Aim In contrast with findings in amyotrophic lateral sclerosis (ALS), cognitive impairments have as yet not been shown in the lower motor neuron variant of motor neuron disease, progressive spinal muscular atrophy (PMA). The objective of this study was to investigate cognitive function in PMA and to compare the cognitive profile with that of ALS. In addition, visuospatial functions were assessed comprehensively; these tests are underrepresented in earlier neuropsychological investigations in ALS.

Methods 23 PMA and 30 ALS patients (vital capacity >70% of predicted value) underwent a neuropsychological assessment adapted to motor impairments: global cognitive and executive functioning, psychomotor speed, memory, language, attention and visuospatial skills. The results were compared with age, education and sex matched controls and with normative data.

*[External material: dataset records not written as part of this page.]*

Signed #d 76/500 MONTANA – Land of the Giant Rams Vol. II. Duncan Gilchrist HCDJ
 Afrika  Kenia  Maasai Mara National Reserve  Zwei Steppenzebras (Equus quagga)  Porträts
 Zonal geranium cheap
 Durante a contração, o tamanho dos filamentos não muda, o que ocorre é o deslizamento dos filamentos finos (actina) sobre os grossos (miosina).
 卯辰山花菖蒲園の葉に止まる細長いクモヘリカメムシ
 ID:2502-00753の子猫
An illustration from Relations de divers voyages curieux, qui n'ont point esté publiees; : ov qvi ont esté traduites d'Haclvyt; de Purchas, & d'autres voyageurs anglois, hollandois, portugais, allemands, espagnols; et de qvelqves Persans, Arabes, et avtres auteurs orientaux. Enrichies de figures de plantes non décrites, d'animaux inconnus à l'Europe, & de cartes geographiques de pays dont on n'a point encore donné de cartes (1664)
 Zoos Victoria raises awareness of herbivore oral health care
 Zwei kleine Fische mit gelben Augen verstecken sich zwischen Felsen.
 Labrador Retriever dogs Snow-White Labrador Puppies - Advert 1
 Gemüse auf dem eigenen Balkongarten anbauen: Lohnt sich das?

Results Compared with controls, PMA patients performed worse on attention/working memory (digit span backward), category fluency and the Mini-Mental State Examination. Compared with normative data, PMA patients most frequently showed impairment on three measures: letter–number sequencing, and immediate and delayed story recall. 17% of PMA patients showed cognitive impairment, defined as performance below 2 SDs from the mean of normative data on at least three neuropsychological tests. In ALS, similar but more extensive cognitive deficits were found. Visuospatial dysfunction was not found in PMA and ALS.

Conclusions 17% of PMA patients have executive and memory impairments. PMA with cognitive impairment adds a formerly unknown phenotype to the existing classification of motor neuron diseases.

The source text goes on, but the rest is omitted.